Con lo stesso gruppo ho usato anche un modulo per la scrittura di odi del poeta Danielle Pafunda e ho chiesto ad ogni ragazzino di scrivere una "Ode al fiume". La struttura porposta da Danielle è semplice, solo quattro versi:
Ode a________
una parola che descrive il soggetto
una parola che descrive il soggetto
un fatto riguardante il soggetto
verso jolly (immagina il soggetto che parla o agisce oppure te che parli al tuo soggetto)
E' un formato facilmente adattabile e i bambini lo amano. Un bambino che si era mostrato insofferente durante la scrittura della poesia di gruppo (quando avevo chiesto una parola per descrivere il fiume lui mi aveva risposto: "chicken nugget") scrisse una bella ode su un castoro e poi continuò a produrne altre (...) su tutti gli animali e pesci che vivono nel fiume, sui suoi amici e parenti e, sì, anche un'ode ai "chicken nugget".

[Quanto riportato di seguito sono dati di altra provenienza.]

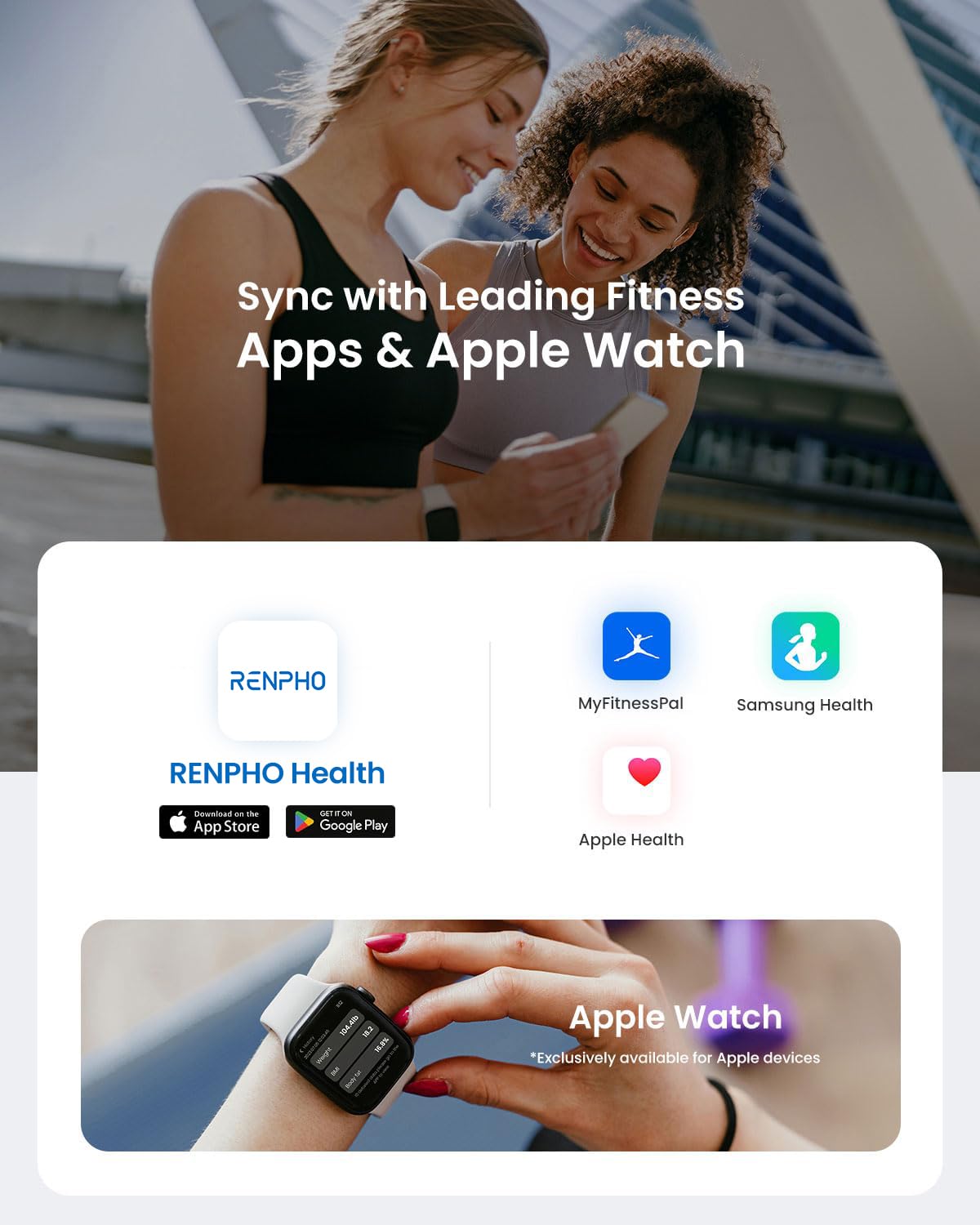 RENPHO Smart Scale for Body Weight, FSA HSA Eligible, Digital Bathroom Scale BMI Weighing Bluetooth Body Fat Scale, Body Composition Monitor Health Analyzer with Smartphone App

Continuo a fare poesia con i bambini perché gli insegnanti apprezzano le mie visite e perché mi fornisce una scusa per vedere i miei figli in azione durante la scuola (il verso di Moses per il poema della mente fluviale fu: "Con la mia mente fluviale io sogno tutto quello che è successo o succederà alle creature dentro di me." Dovetti evitare di guardare l'insegnate per paura di scoppiare di orgoglio oppure... di scoppiare a ridere). Vado perché i bambini amano la poesia e il loro entusiasmo è contagioso e dopo scappo a casa e scrivo.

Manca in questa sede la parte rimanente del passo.